A particular encounter which the author had with the successor of his boss, Governor Osoba – Governor Gbenga Daniel – will explain this better. Apparently having upset its apple carts by continuing to send out analyses and press releases which explained his ex-boss’ four years in government, the Daniel administration felt threatened by those neutralizing communication and had to seek to stop 0Odunaro. The administration, however, met an Odunaro who never wavered from the path of loyalty to his former boss.
The brilliance with which Odunaro handled his job in Ogun State spoke for him when Speaker of the House of Representatives, Dimeji Bankole, needed a publicist too. Not only did his job in Ogun State catapult him to the federal, but it also widened Odunaro’s publicist constituency beyond the state. There, he found out that the distinguishing factor still remained hard work, loyalty and commitment.
In chapters 23 to 33, Odunaro literally documented the battles he and his erstwhile boss, Hon. Bankole, fought at the Green Chamber. While many of them were in the public domain at the time of his boss’ service, many of the battles were not. Odunaro, in this book, unboweled the battles, documenting them for posterity.
The battles the Speaker fought ranged from plot to remove him, fisticuffs on the floor of the Green Chamber, the Power Probe and Rural Electrification Scandal, the silent and not so silent battles between Governor Daniel and Speaker Bankole, the Sango – Ota Bridge fracas, the role of the Speaker in managing the health challenges of President Umaru Yar’Adua, among others. While the chapters reveal many unknown power plays at the time, the book gives insights into otherwise shrouded occurrences in the polity that will interest its reader.
From the beginning to the end of the book, the reader goes on a journey with the author, a fluid journey that narrates his rise from obscurity to the top of his profession.
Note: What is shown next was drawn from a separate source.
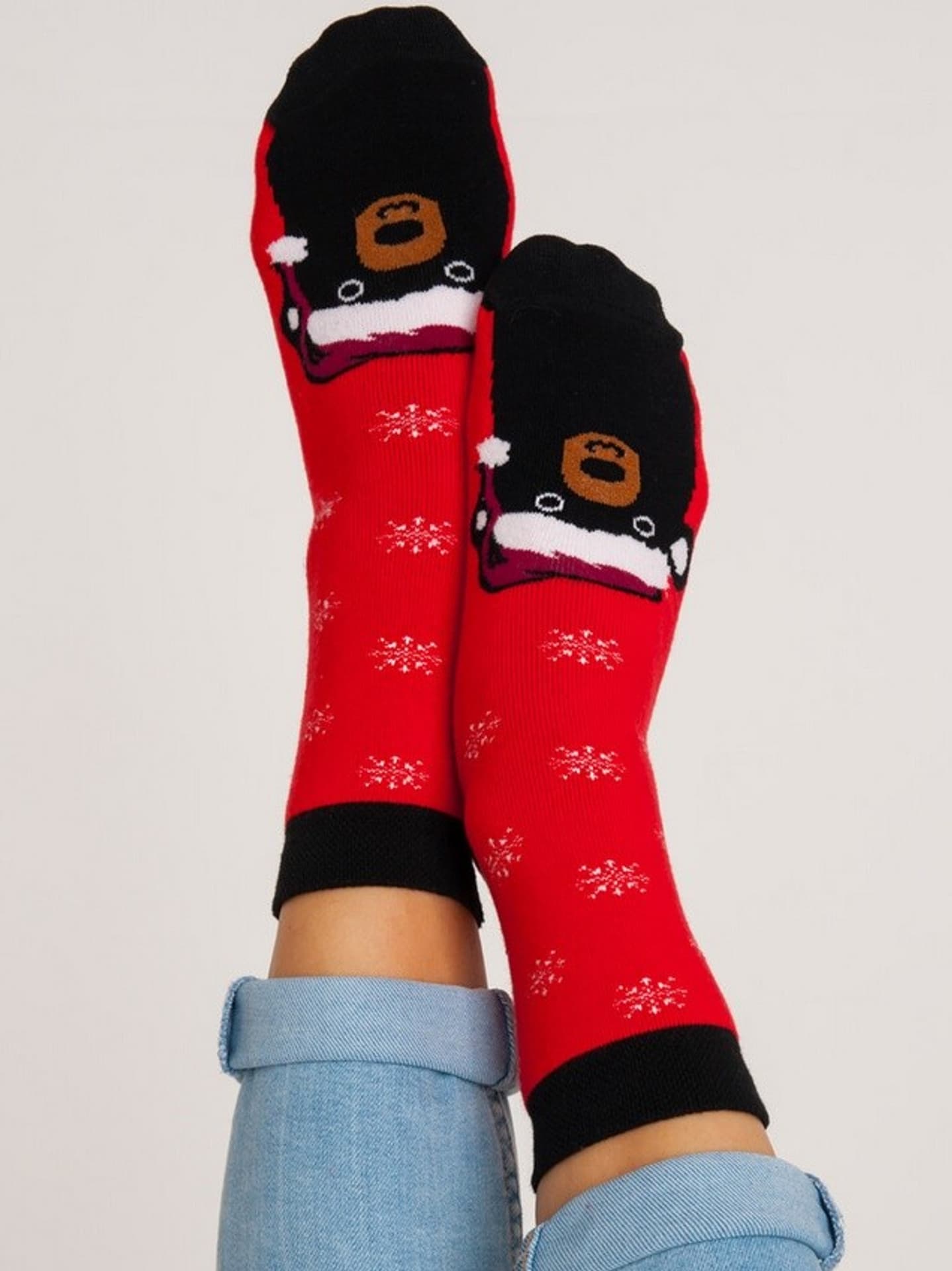 

SKARPETY DAMSKIE X-MAS ABS SF-011 (kolor czerwony/mikołaj, rozmiar 35-38)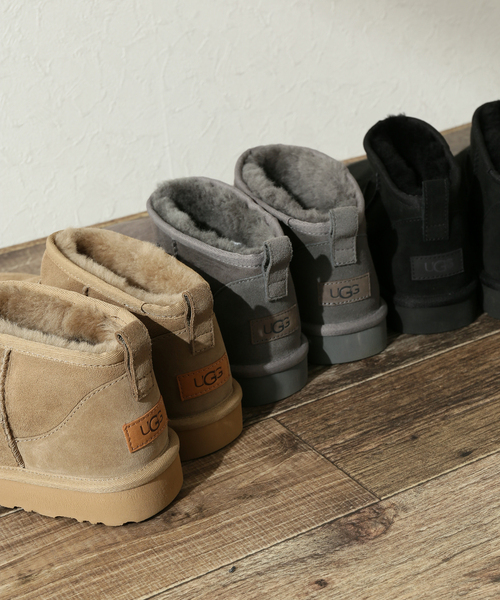 UGG（アグ）の「【UGG/アグ】CLASSIC ULTRA MINI：ショートブーツ◆（ブーツ・レディース・ブラック/カーキ/グレー・60/70/80）」の8枚目の写真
Like the allusion I earlier drew, Odunaro’s rise was not just a happenstance; it was a combination of providential interventions as well as the determination of a man who knew what he wanted in life and who went a step before the decider of his destiny into equipping himself for the tasks ahead.
All in all, Colours of Perception: An Autobiography is a delightsome read, an elegant work of literature and profound addition to that community of documentations of history for posterity. For us who have at one time or the other trodden the same path that the author treaded, the book is a robust encouragement to us to also document our parts and paths in history.
As said earlier, for anyone aspiring for the top, Colours of Perception is a companion to own. For journalists who are seeking the path to tread to become successful in their career, the book should be their Bible and Quran. For historians and historiographers who needed particular dates to reference consequential issues that happened in the past, especially in Ogun State of the last two decades or so, the book should be their companion. I recommend it as a robust helpmate in their quest for bridging the gaps of history.
Like every human effort, Colours of Perception is not without its own blemish. Its most noticeable blemish is that it could do better with tighter and stronger editing. Notwithstanding, however, this blemish is powerless to put down a work that possesses a great intellectual stature of the kind of this autobiography.